TASK BRIEF ▸
Could you transcribe exactly the lines below, from the line with "3 otaqlı Bina" through the line with "Glen Ellen Bed & Breakfast | Beltane Ranch", and nothing else, leaving out the pictures?

EXTRACTED MATERIAL ▸
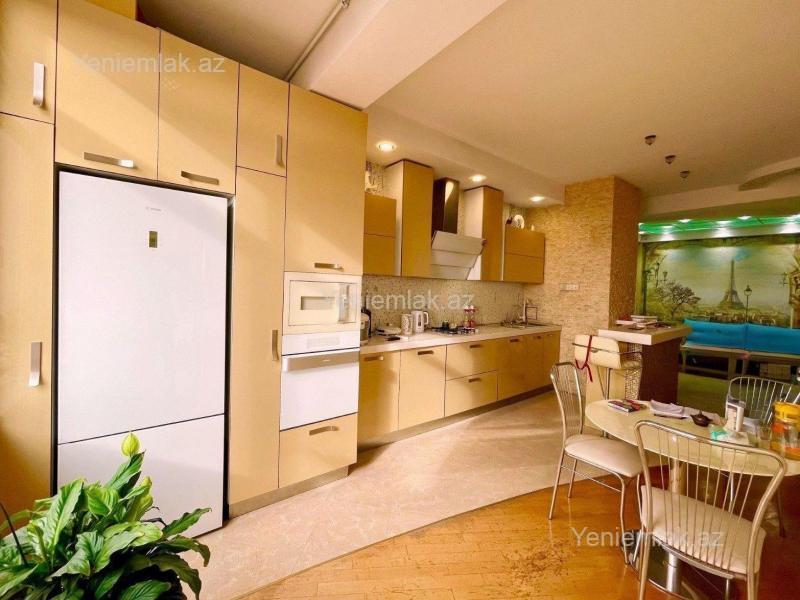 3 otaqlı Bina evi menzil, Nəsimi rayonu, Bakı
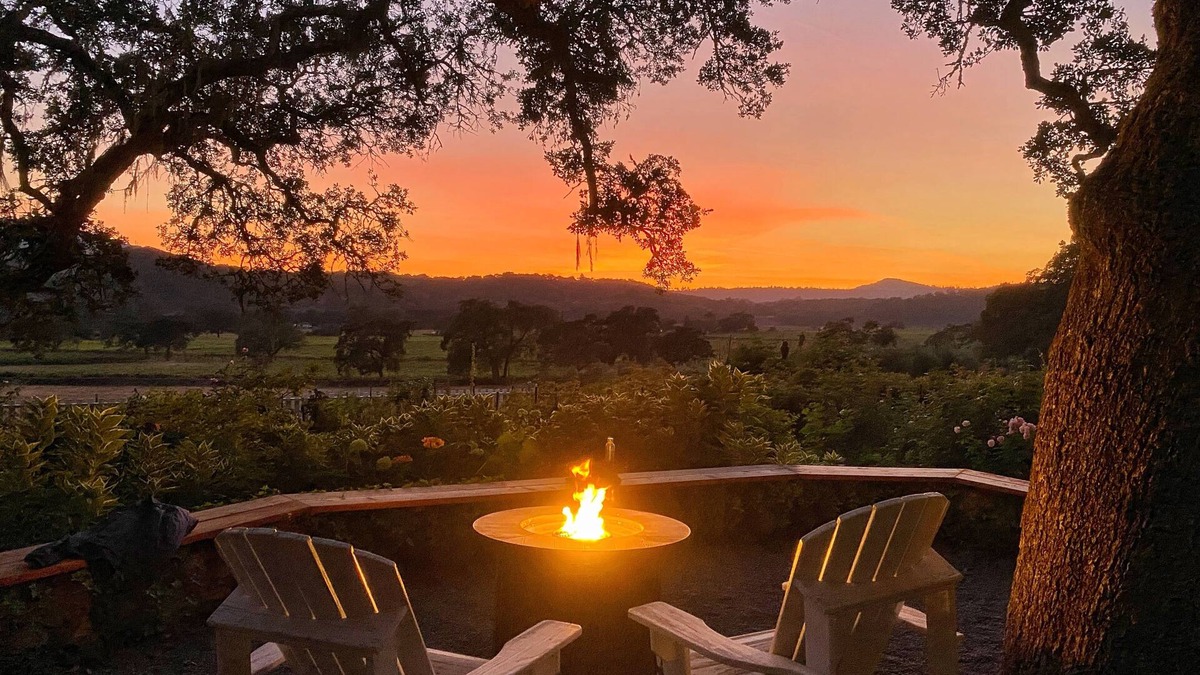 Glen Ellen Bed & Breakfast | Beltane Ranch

* * *

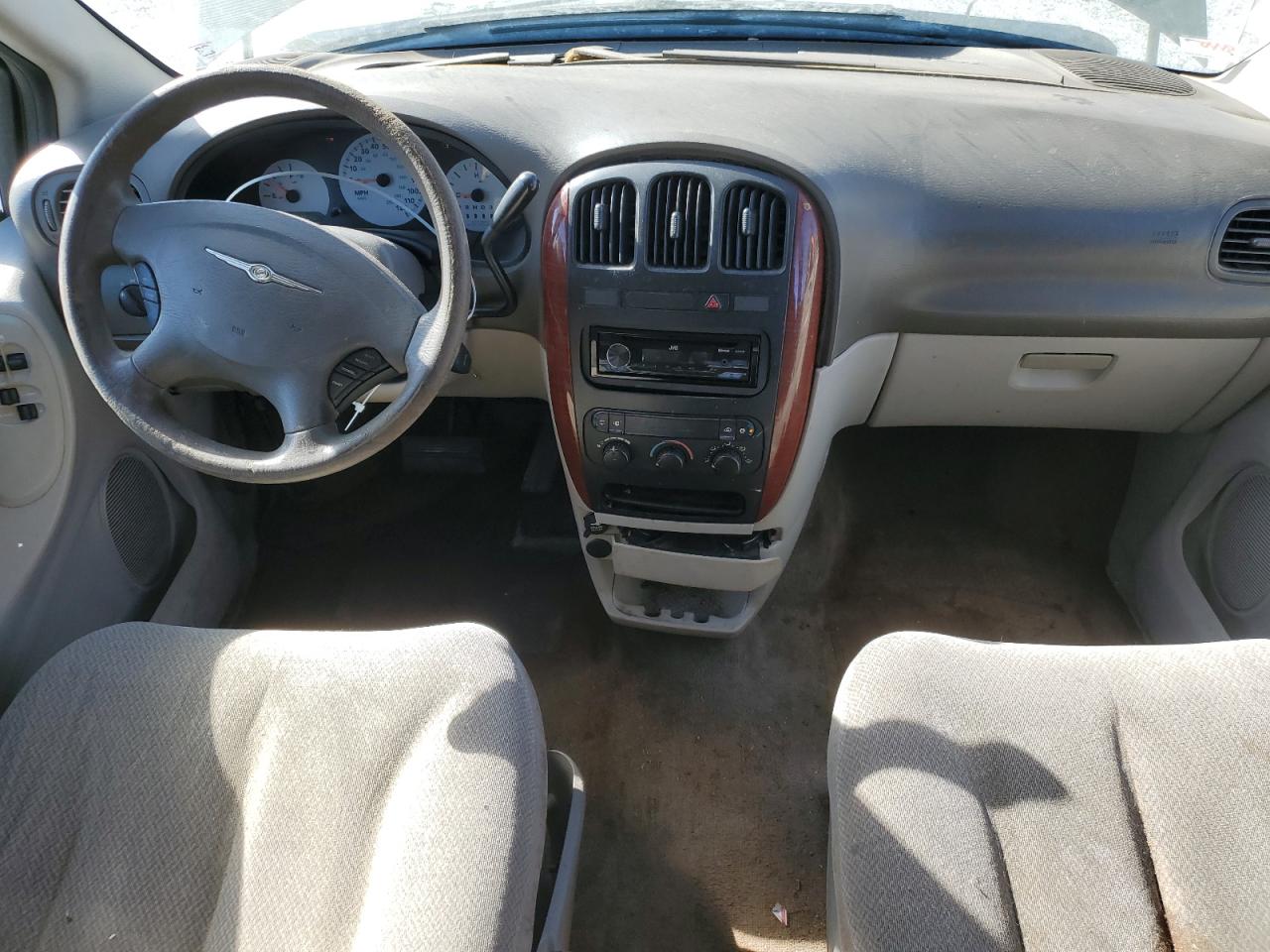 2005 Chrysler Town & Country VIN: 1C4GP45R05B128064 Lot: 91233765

RESULT OF THIS EXERCISE ▸
 3 otaqlı Bina evi menzil, Nəsimi rayonu, Bakı
 Glen Ellen Bed & Breakfast | Beltane Ranch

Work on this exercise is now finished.